Employee training programs are a serious issue today. The job market is strong, and with less talent out there competing for each position, job seekers can afford to be choosey. Companies are coming to realize that their employees are their biggest assets.
It’s worth investing in employee retention to make sure your employees have a long, productive tenure, and that calls for keeping a careful eye on your employee training programs to assess them in the right way.
It’s not enough to simply run a survey after employee onboarding or periodic training to ask how they rate the usefulness of what they learned today. There are many ways that your employee training and development programs impact your company as a whole, and if you overlook them, you could be leaving significant gaps in your employee education strategy.
These are some of the issues that you need to consider in order to measure the true effectiveness of your company’s employee training programs.
Keep an Eye on Your Churn Rates
Your business’s employee churn rates can serve as a real reflection of your employee training programs.
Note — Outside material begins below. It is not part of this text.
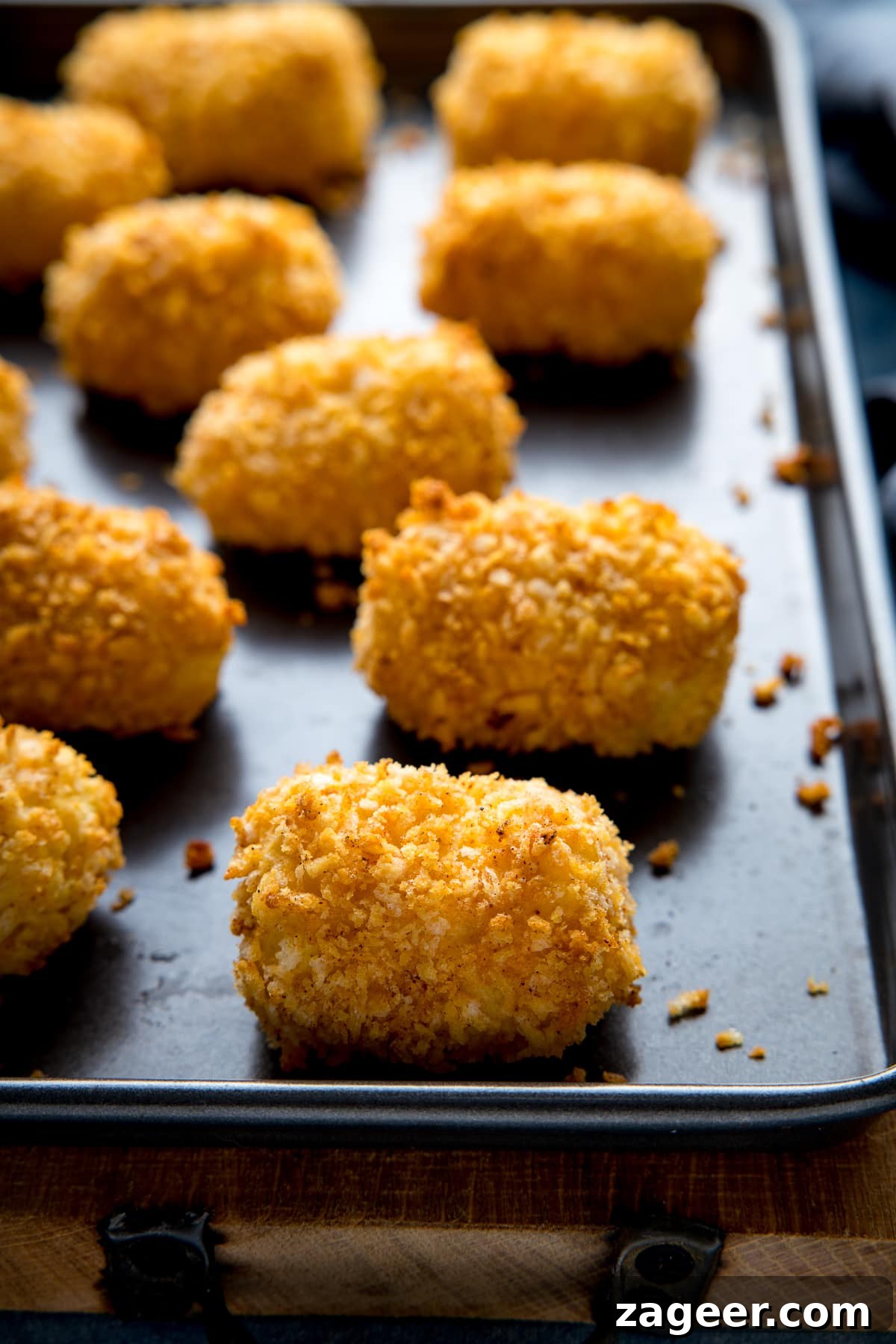 Cheesy Baked Potato Croquettes: Crispy Oven-Baked Recipe 3 potato croquettes on a baking tray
Today’s employees want to feel that their company is investing in their development, otherwise they’ll leave. For the first time, workers have ranked career growth opportunities above salary or health and retirement benefits, with 61% saying that this is their most important factor.
Millennials in particular are looking for employers that care about their personal growth and career development. The recent Edelman Trust Barometer found that 42% of workers say they’d require a significantly higher salary to work at a company that doesn’t provide effective training and growth opportunities, and 38% said it would be a deal-breaker for them.
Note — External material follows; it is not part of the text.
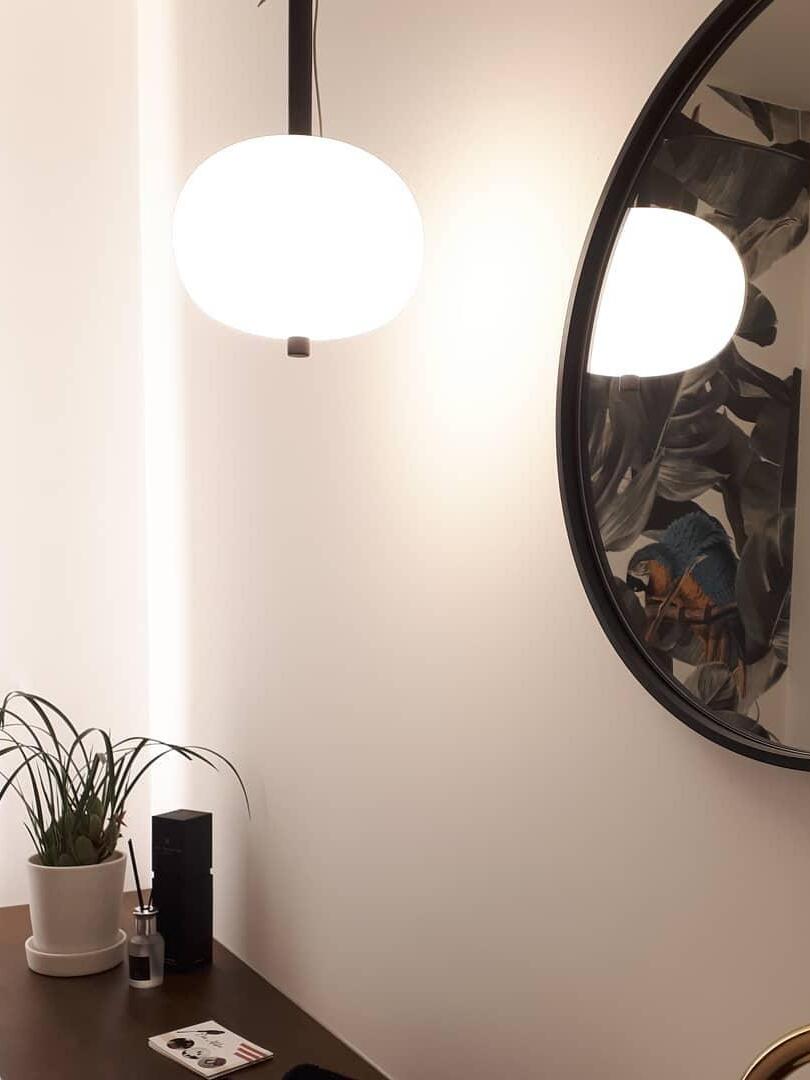 Single white globe beside a round mirror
In short, your training programs affect talent acquisition and retention, so if your employee retention rates are taking a dive, that might reflect a general sense that your training program could use some improvement.
Productivity Is More Nuanced Than You May Realize
It’s probably no surprise to hear that productivity rates are another indicator of the success, or failure, of your employee training programs. Employees who are clear about their areas of responsibility, have mastered the skill sets relevant to their work, and know how to do their work correctly, are more productive.
They feel confident that they can deliver on their work requirements, and that confidence itself translates into improved productivity.
When your employee training programs are effective, employees also collaborate better with colleagues and employees within and outside their own teams. If your company’s output is dropping, it could be a sign that your employees are feeling overwhelmed, aren’t sure where to begin, or aren’t clear about their areas of responsibility within a project or department.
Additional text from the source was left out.